**DIRECTIONS FOR THIS TASK:**
Look below for the line containing "Color Galaxy — free online game"; from there through the line containing "CHỈ VIỆC Ở - 3", both lines included, please set down each line exactly and nothing else.

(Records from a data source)
:::::

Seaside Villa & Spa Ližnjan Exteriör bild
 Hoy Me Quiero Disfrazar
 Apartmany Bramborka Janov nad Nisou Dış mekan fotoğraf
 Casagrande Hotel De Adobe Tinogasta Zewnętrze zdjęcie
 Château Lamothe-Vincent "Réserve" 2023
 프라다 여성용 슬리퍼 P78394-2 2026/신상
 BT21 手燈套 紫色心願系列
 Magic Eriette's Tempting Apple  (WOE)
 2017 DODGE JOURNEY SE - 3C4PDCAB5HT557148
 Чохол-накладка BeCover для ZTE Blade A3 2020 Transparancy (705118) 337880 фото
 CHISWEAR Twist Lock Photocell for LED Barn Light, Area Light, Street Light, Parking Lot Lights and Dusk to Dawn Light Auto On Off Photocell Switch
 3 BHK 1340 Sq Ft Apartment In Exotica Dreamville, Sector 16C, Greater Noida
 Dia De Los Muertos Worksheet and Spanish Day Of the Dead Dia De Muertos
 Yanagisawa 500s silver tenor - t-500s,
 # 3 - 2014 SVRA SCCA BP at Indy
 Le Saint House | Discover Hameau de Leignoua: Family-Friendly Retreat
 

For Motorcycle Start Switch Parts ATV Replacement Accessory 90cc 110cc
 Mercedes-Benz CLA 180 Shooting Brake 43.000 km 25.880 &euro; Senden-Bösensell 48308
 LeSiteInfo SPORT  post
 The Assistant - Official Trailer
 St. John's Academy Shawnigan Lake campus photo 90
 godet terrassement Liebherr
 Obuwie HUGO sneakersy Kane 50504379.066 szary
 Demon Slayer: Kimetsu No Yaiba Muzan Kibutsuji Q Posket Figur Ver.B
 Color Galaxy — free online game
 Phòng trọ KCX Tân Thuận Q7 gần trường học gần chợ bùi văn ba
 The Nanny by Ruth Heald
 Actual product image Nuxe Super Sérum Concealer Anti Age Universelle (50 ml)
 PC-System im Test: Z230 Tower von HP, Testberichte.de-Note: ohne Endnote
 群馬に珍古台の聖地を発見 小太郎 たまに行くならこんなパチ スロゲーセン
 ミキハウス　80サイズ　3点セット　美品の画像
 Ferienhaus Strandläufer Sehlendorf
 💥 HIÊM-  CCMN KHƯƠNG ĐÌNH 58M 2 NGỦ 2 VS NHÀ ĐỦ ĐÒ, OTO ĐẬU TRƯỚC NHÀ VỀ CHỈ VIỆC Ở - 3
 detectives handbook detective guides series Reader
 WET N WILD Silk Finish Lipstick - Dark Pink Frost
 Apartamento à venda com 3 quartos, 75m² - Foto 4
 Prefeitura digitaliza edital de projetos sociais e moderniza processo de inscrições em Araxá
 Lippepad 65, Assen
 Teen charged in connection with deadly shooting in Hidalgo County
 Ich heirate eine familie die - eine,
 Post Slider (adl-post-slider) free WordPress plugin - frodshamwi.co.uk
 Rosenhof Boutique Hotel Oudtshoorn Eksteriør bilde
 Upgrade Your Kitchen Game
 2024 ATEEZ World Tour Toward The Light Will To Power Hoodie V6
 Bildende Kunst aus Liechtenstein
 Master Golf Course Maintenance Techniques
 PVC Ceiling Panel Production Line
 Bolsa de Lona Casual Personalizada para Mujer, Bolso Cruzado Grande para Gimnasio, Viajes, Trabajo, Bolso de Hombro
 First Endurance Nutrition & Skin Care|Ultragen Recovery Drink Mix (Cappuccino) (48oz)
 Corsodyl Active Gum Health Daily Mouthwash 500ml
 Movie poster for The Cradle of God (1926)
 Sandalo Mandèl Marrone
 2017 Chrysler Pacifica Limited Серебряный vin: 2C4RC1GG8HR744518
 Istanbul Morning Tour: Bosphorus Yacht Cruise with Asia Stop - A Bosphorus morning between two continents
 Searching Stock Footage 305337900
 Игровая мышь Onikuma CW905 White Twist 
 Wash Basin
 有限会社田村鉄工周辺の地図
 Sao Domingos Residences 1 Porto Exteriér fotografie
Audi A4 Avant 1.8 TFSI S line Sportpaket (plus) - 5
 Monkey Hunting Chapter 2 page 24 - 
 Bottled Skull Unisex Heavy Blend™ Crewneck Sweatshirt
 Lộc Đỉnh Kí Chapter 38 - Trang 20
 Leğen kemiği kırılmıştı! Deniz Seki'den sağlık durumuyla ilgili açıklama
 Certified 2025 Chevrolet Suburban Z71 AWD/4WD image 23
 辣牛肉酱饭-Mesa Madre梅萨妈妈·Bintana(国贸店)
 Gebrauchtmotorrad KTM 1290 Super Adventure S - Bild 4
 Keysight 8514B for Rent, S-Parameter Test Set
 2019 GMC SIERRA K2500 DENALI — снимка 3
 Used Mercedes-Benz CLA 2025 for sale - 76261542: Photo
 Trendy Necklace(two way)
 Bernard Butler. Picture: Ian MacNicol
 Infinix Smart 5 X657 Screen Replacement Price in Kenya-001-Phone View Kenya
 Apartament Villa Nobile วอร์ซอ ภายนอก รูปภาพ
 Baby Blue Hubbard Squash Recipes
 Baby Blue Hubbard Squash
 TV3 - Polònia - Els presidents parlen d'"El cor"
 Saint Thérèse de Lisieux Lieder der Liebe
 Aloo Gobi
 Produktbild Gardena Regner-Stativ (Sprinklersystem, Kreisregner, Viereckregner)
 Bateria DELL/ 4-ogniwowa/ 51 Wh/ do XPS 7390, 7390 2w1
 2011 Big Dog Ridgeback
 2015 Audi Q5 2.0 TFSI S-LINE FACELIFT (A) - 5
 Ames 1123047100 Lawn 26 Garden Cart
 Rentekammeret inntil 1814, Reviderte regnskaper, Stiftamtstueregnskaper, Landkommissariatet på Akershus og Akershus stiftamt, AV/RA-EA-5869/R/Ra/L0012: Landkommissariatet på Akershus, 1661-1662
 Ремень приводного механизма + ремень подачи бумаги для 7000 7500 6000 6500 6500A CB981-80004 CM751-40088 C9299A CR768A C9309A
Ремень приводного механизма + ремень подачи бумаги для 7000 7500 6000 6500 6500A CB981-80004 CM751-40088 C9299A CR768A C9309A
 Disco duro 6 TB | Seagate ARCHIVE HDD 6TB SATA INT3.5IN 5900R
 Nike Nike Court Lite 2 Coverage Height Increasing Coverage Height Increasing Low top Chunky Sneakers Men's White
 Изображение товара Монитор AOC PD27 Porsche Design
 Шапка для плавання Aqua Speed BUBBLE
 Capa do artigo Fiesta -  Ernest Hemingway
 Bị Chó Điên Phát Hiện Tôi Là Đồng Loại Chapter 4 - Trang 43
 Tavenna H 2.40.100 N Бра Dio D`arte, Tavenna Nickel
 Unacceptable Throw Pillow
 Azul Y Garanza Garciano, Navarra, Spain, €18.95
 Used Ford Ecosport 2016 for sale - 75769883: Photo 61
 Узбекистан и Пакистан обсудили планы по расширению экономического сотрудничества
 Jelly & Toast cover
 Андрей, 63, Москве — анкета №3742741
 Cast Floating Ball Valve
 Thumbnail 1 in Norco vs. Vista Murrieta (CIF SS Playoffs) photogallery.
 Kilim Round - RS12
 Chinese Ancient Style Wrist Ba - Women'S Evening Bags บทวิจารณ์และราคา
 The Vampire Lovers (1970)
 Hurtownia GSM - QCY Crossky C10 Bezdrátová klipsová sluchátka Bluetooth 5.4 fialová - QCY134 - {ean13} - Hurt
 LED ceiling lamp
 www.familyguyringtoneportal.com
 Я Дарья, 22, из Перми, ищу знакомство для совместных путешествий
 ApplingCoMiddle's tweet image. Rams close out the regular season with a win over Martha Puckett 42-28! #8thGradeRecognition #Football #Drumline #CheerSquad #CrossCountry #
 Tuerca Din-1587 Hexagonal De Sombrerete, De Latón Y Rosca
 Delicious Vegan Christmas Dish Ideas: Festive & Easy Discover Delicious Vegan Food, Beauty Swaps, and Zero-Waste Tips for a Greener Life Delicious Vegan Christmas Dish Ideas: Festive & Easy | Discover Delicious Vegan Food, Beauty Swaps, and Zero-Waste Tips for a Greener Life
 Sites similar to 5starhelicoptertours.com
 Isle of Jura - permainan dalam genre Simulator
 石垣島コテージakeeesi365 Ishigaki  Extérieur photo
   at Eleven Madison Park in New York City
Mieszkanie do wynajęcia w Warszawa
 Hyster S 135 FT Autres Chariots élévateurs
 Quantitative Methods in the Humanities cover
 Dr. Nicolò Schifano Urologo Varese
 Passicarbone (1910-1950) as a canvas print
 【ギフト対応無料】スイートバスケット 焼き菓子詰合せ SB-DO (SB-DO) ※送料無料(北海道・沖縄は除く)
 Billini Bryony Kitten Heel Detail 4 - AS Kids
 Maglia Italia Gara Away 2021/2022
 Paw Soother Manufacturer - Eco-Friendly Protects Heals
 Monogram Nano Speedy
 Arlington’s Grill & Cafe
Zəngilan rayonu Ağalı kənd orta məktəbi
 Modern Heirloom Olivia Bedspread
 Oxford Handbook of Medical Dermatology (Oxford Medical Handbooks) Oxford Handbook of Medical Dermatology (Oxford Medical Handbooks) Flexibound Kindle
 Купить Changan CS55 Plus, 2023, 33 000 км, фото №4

:::::

**TASK RESPONSE:**
 Color Galaxy — free online game
 Phòng trọ KCX Tân Thuận Q7 gần trường học gần chợ bùi văn ba
 The Nanny by Ruth Heald
 Actual product image Nuxe Super Sérum Concealer Anti Age Universelle (50 ml)
 PC-System im Test: Z230 Tower von HP, Testberichte.de-Note: ohne Endnote
 群馬に珍古台の聖地を発見 小太郎 たまに行くならこんなパチ スロゲーセン
 ミキハウス　80サイズ　3点セット　美品の画像
 Ferienhaus Strandläufer Sehlendorf
 💥 HIÊM-  CCMN KHƯƠNG ĐÌNH 58M 2 NGỦ 2 VS NHÀ ĐỦ ĐÒ, OTO ĐẬU TRƯỚC NHÀ VỀ CHỈ VIỆC Ở - 3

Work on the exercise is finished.